Front should raise exercise targets on following body parts:-
• Shoulders
• Back
• Abs
Lateral Raise
(For Intermediate athletes)
How to do Lateral Raise with weight plate exercise- First, stand up on the floor straight and make feet from hip-width apart. Hold a weight plate in both hands by holding it on your side. This is the primary position from where you have to start the Lateral raise workout.
To start the workout move both hands to the upper side by taking a slightly bend on the elbow and stop when both hands come into a straight position. Do this cycle at least 10 times and 3 rounds.
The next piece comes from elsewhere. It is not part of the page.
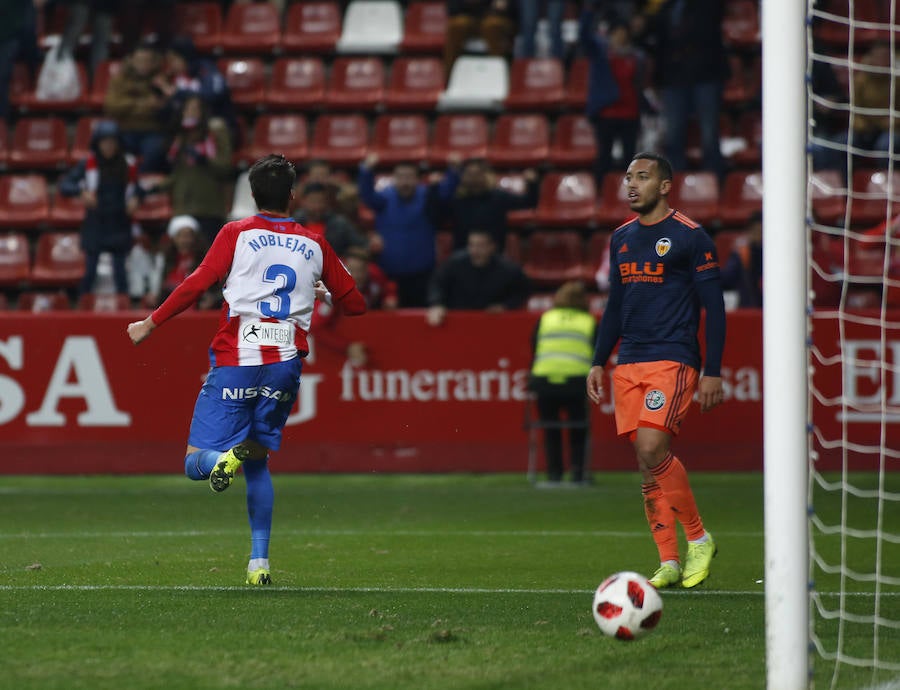 Estas son las imágenes que deja el encuentro de ida de octavos de Copa en el Molinón (2-1)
Front should raise exercise targets on following body parts:-
• Deltoids
• Shoulders
• Upper back
Halo
(For intermediate athletes)
How to do Halo workout with weight plate exercise- Stand up by making your feet from hip-width apart. After coming to this position, hold a weight plate from outside with both hands. Now move the weight plate in a circular motion to get back to your primary position, bend your elbows gently during the workout where it requires. Do this cycle at least 10 times and 3 rounds.
Halo exercise targets on following body parts:-
• Shoulders
• Biceps
• Triceps
• Back
• Abs
Chest squeeze press
(For Intermediate to Advance athletes)
How to do Chest squeeze press – Stand up on the floor straight and make feet from hip-width apart. hold two weight plates between your hands, and make its position across your chest. This is a very tough workout so take the weight as your physical capability.
Now extend elbows in maximum capability and squeeze the plates as much you can. Do this cycle at least 10 times and 3 rounds.
Halo exercise targets on following body parts:-
• Pecs
• Triceps
• Deltoids
Note: Any weight plate or Olympic weight plate can used as your convenience.